I have been campaigning for Web Neutrality and the web as a democratic process (web Democracy). As a result I got a comment on my blog from my MP – David Howarth (LibDem) – which felt I had treated him somewhat unfairly. He has a valid point and I will try to find common ground (perhaps by clarifying timescales and recording of correspondence). I’m also asking readers of this blog to help, either by commenting on the protocol of communicating with Mps or by pointing to useful information.
I wrote to my MEP (Andrew Duff, also LibDem) about NetNeutrality in Europe. I didn’t get any acknowledgement or reply – which upset me. So I used the mySociety organ – WriteToThem – to send a letter in public (http://wwmm.ch.cam.ac.uk/blogs/murrayrust/?p=1955) This brought a useful reply (which I published http://wwmm.ch.cam.ac.uk/blogs/murrayrust/?p=1984). In that Andrew Duff wrote:
I am aware that the UK along with France is
pushing strongly to change the wording agreed by the Parliament. This
action will delay the progress of the report and put at risk the many
important aspects in this package which will increase competition and boost
jobs. I therefore urge you to raise your concerns with the UK Government
and ask them to support the article which ensures that an internet cut-off
can only be imposed after approval from a competent legal authority.
I did so by using WriteToThem to write to David Howarth essentially asking him to take the issue to the government.
I got an acknowledgement that promised that David Howarth , but heard nothing more until 2 days ago when I got a followup from WriteToThem (WTT) indicating that it was 2 weeks since I had written and asking what feedback I had had.
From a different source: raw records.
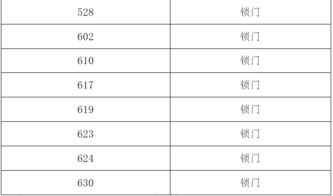 如何通过免费电话号码吉凶查询改换号码以趋吉避凶？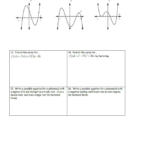 Writing Equations Of Polynomials Worksheet 1 pdf Writing Equations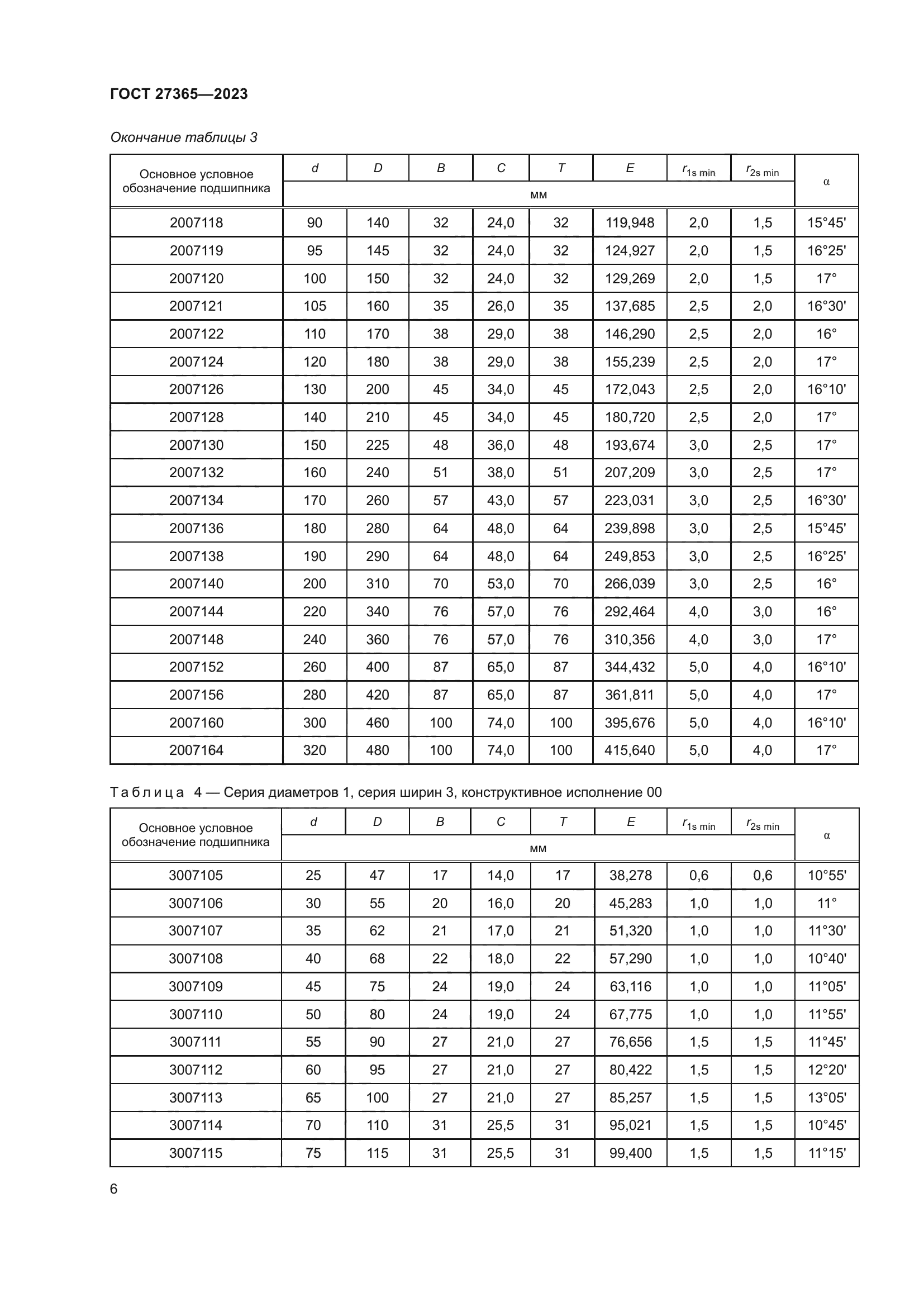 ГОСТ 27365-2023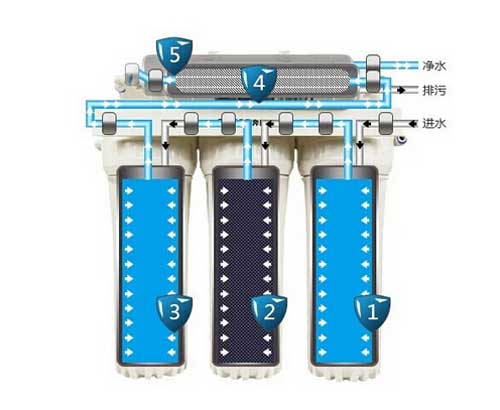 凈水器十大品牌：常用凈水器品類盤點(diǎn)概述
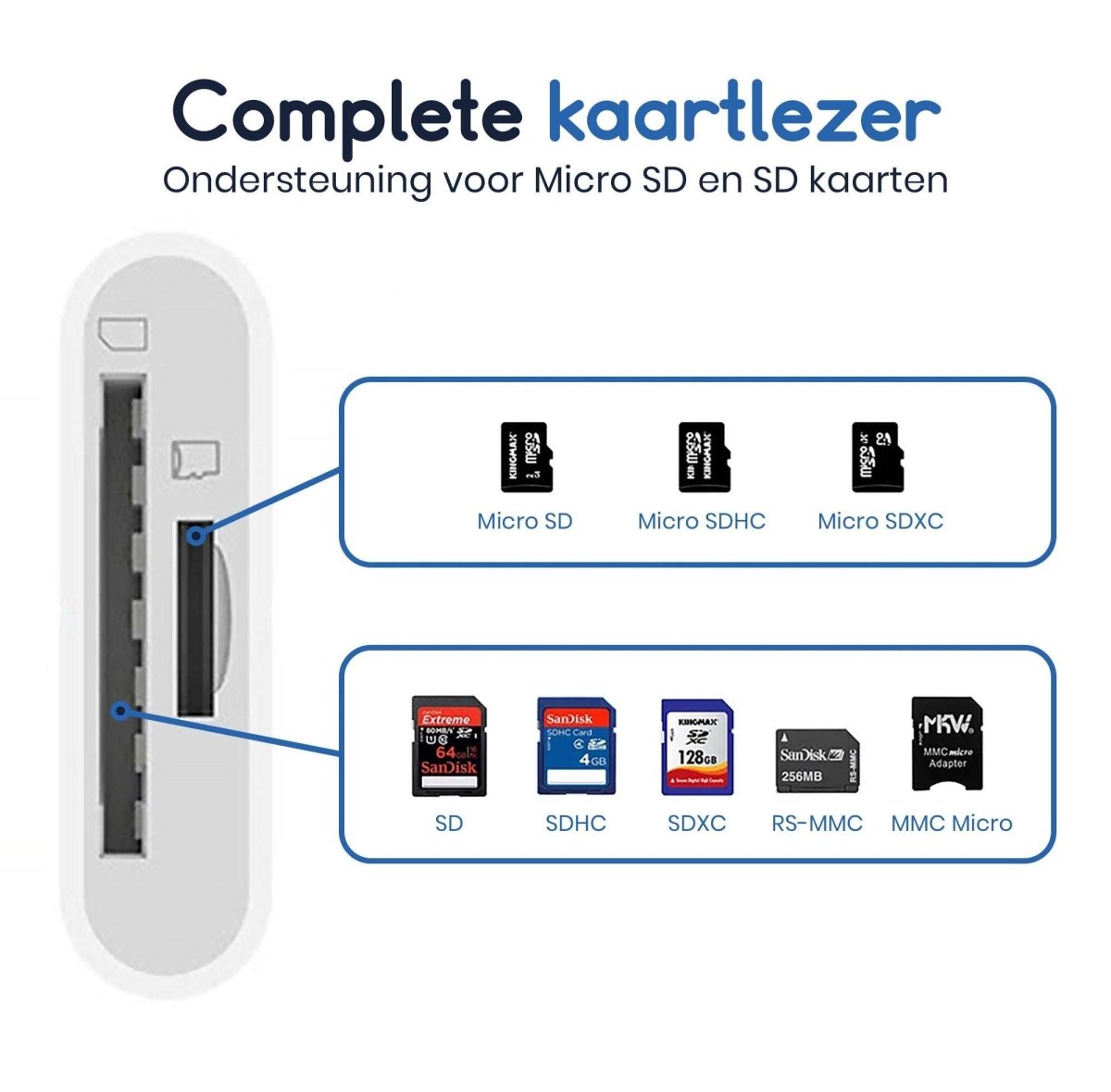 Ibley 2 - in - 1 Lightning SD/microSD kaartlezer – iPhone & iPad – Plug & Play – Wit - Ibley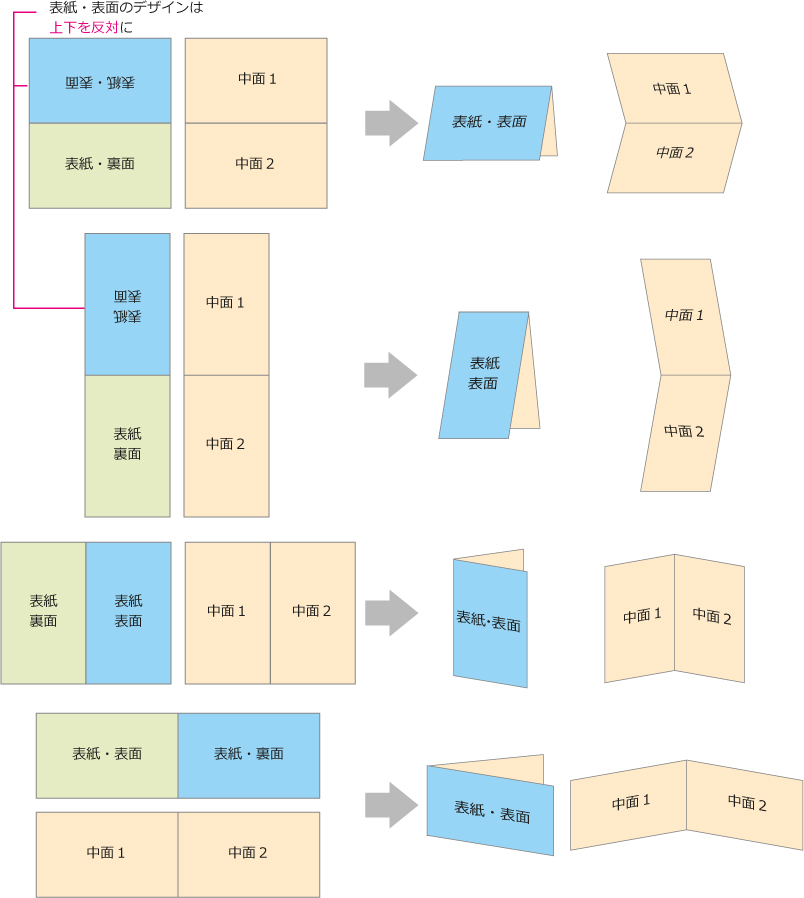 スジ入れ加工のデータ作成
I assumed that it was reasonable to get a substantive reply within two weeks and so posted a somewhat critical comment (http://wwmm.ch.cam.ac.uk/blogs/murrayrust/?p=2051). David Howarth commented:
Dear Dr Murray-Rust,
I think you are being slightly unfair. This is not an issue I have any expertise in. My gut instinct would be to agree with you, but there is more to policy than gut instinct. Would you prefer a thought-through reply or a statement of unthinking prejudice?
I appreciate this reply and admit that I have been slightly unfair. I had based my action on similarity with the Freedom of Information Act which requires public institutions to provide substantiative replies within 20 working days (and for which support is provided by mySociety’s sister site WhatDoTheyKnow?). I had assumed that WTT’s followup suggested that a substantive reply could be expected in 14 elapsed days (this is my error and not WTT’s).
So I accept that David Howarth is working on the matter and I also know from colleagues that he has addressed other problems promptly. I also completely agree that if time gives a better response then I am prepared to wait. I am unaware of the UK’s proposed policy (as opposed to the EU’s) and so I will try to help David Howarth by asking the readership:
PLEASE CAN YOU PROVIDE LINKS EXPLAINING THE CONCERNS TO WHICH ANDREW DUFF IS REFERRING?
I will forward this message to David Howarth through WTT.